Rodzinne nowości Citroena – C4 Picasso i spółka

Mówiąc wprost, słowo „nowości” jest tu trochę na wyrost. Obecna generacja rodzinnego C4 Picasso nie pachnie już nowością i zaraz wybiją jej 4 lata. Marka postanowiła więc odświeżyć swojego głównego gracza w segmencie aut rodzinnych. Razem z „Ce-czwórką” na zabiegi kosmetyczne załapał się też jego większy brat, model Grand C4 Picasso, a także modele Jumpy oraz Spacetourer.

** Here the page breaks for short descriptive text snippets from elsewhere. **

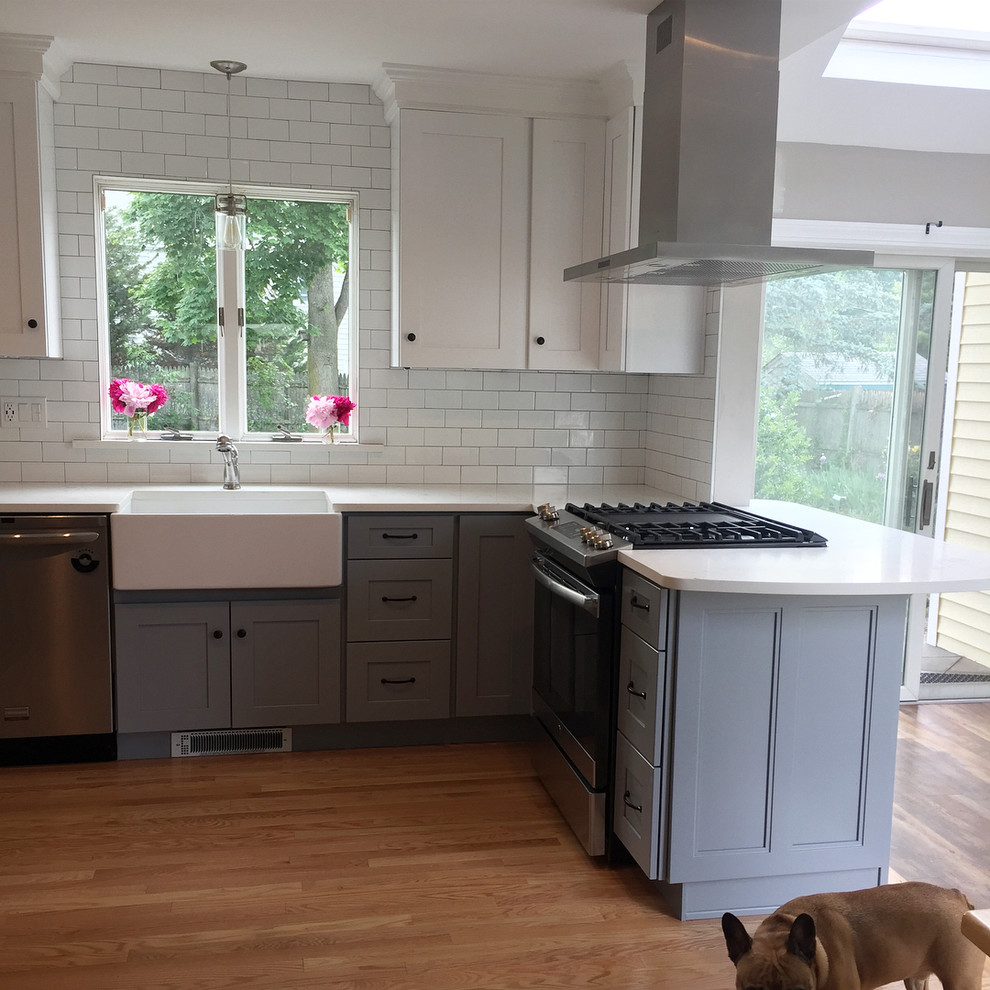Kitchen - small transitional light wood floor and beige floor kitchen idea in Providence with a farmhouse sink, shaker cabinets, white cabinets, white backsplash, subway tile backsplash, stainless steel appliances, a peninsula, white countertops and marble countertops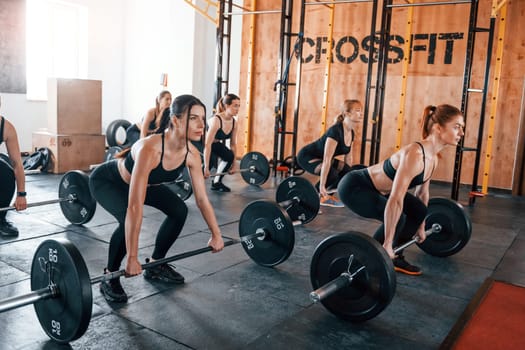 Squats with barbell. Group of young sportive people have crossfit day indoors in gym.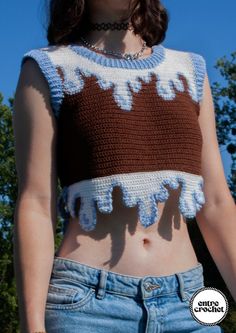 a woman wearing a brown and white crop top with crochet on the bottom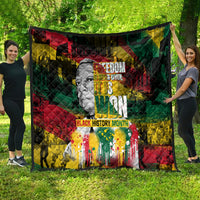 Quilt featuring grayscale face artwork, red-green-yellow blocks, and “Black History Month” text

Trudno to odświeżenie nazwać drastycznym. Na pierwszy rzut oka niewiele się zmieniło. Oczywiste zmiany zauważymy z tyłu pojazdu, gdzie rozgościły się nowe „trójwymiarowe” światła, a z przodu oba rodzinne warianty C4 Picasso otrzymały nieco przeprojektowany zderzak. I to by było na tyle z rzucających się w oczy nowości. Oczywiście w katalogu pojawiły się nowe wzory felg aluminiowych, odświeżona paleta barw i możliwość zamówienia dwukolorowego nadwozia (z czarnym dachem), jednak Francuzi dokonali bardzo subtelnego liftingu.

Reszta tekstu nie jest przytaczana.